- [WHAT IS REQUIRED]: The finished copy should match every record exactly and contain no pictures.

- [GIVEN DATA]:
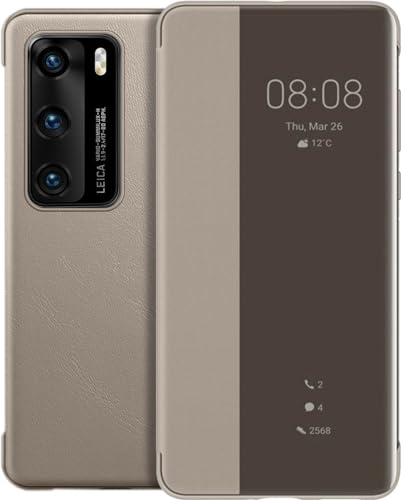 Huawei P40 Smart View Flip Custodia Cellulare, Accessorio Originale, Khaki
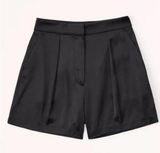 Abercrombie & Fitch Satin High Waisted Pleated Shorts in Black Women's S Photo 0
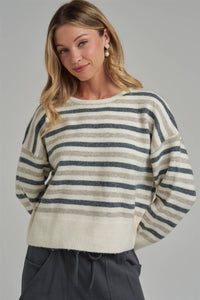 Keeping It Casual Stripe Sweater: Charcoal/ Oatmeal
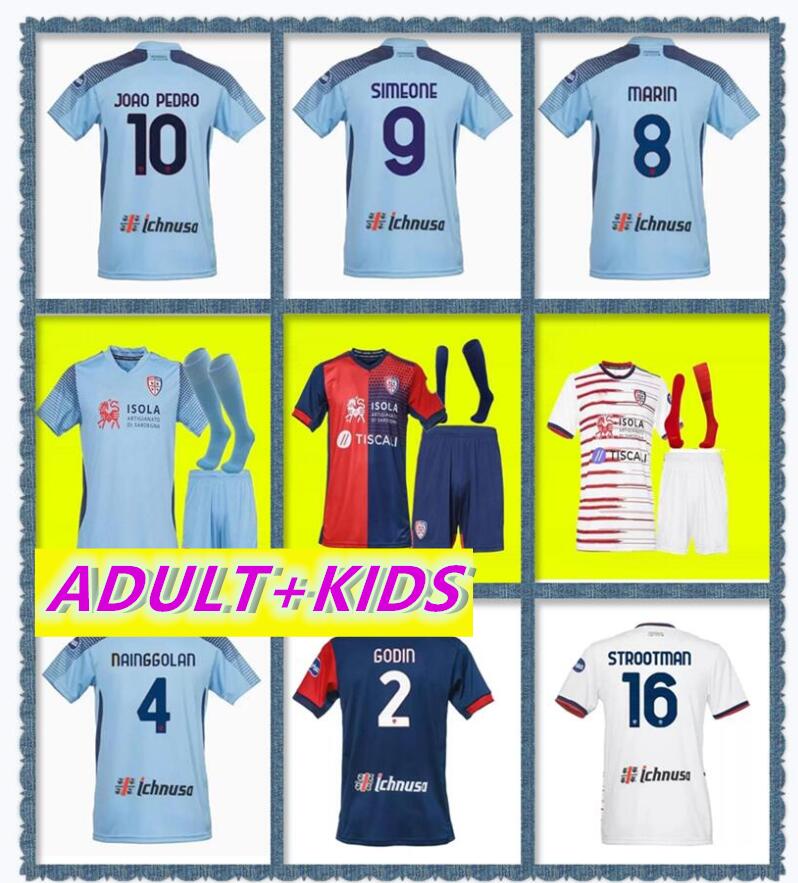 

21 22 Cagliari Calcio Soccer Jerseys 2021 2022 JOAO PEDRO NANDEZ NAINGGOLAN PAVOLETTI Godin MARIN Simeone SOTTIL Oliva men kids kit maglie da football jersey shirt, Grey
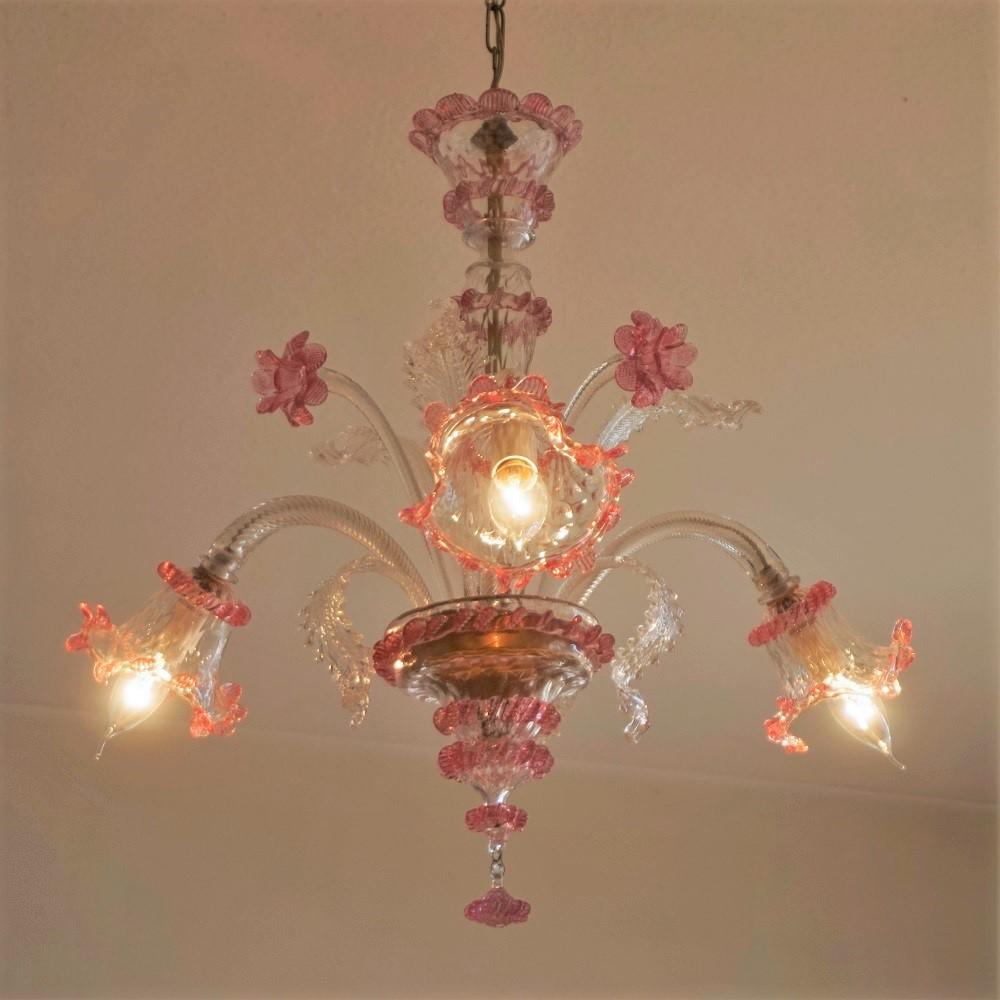 Original Venetian Handcrafted Murano Chandelier Clear and Pink Blown Glass Italy For Sale 3
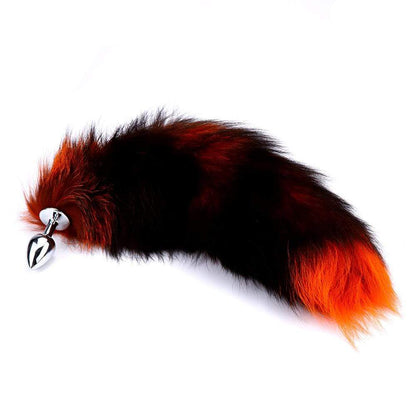 16" Black with Orange Fox Tail Metal Plug - lovemesexTail Plug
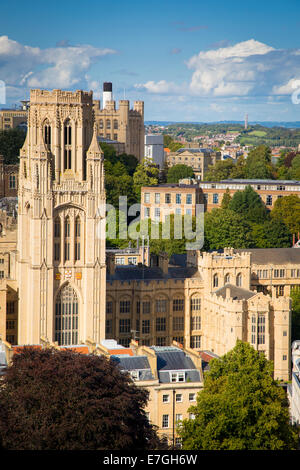 Blick über Bristol und der Bristol University Tower von Cabot Tower, Bristol, England Stockfoto
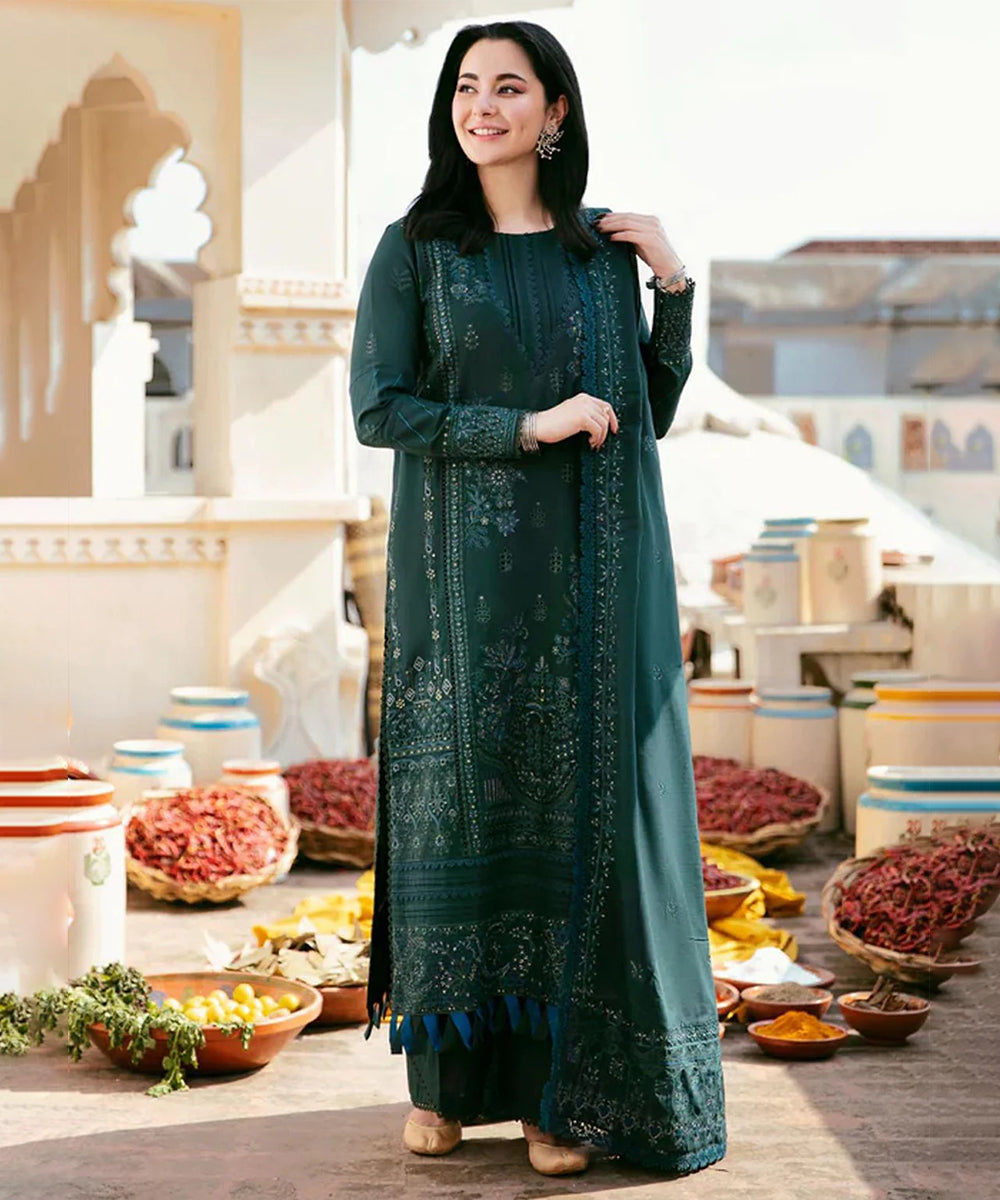 Dhanak-3PC Embroidered Shirt with Dhanak Sequins Embroidered Dupatta V250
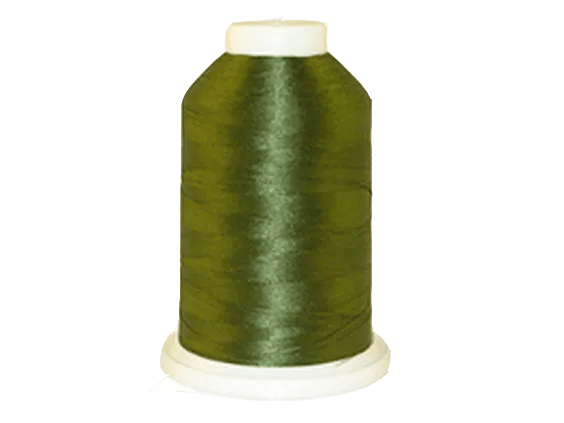Brother olive green embroidery thread spool on white cone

- [TASK SOLUTION]:
 Huawei P40 Smart View Flip Custodia Cellulare, Accessorio Originale, Khaki
 Abercrombie & Fitch Satin High Waisted Pleated Shorts in Black Women's S Photo 0
 Keeping It Casual Stripe Sweater: Charcoal/ Oatmeal

21 22 Cagliari Calcio Soccer Jerseys 2021 2022 JOAO PEDRO NANDEZ NAINGGOLAN PAVOLETTI Godin MARIN Simeone SOTTIL Oliva men kids kit maglie da football jersey shirt, Grey
 Original Venetian Handcrafted Murano Chandelier Clear and Pink Blown Glass Italy For Sale 3
 16" Black with Orange Fox Tail Metal Plug - lovemesexTail Plug
 Blick über Bristol und der Bristol University Tower von Cabot Tower, Bristol, England Stockfoto
 Dhanak-3PC Embroidered Shirt with Dhanak Sequins Embroidered Dupatta V250
Brother olive green embroidery thread spool on white cone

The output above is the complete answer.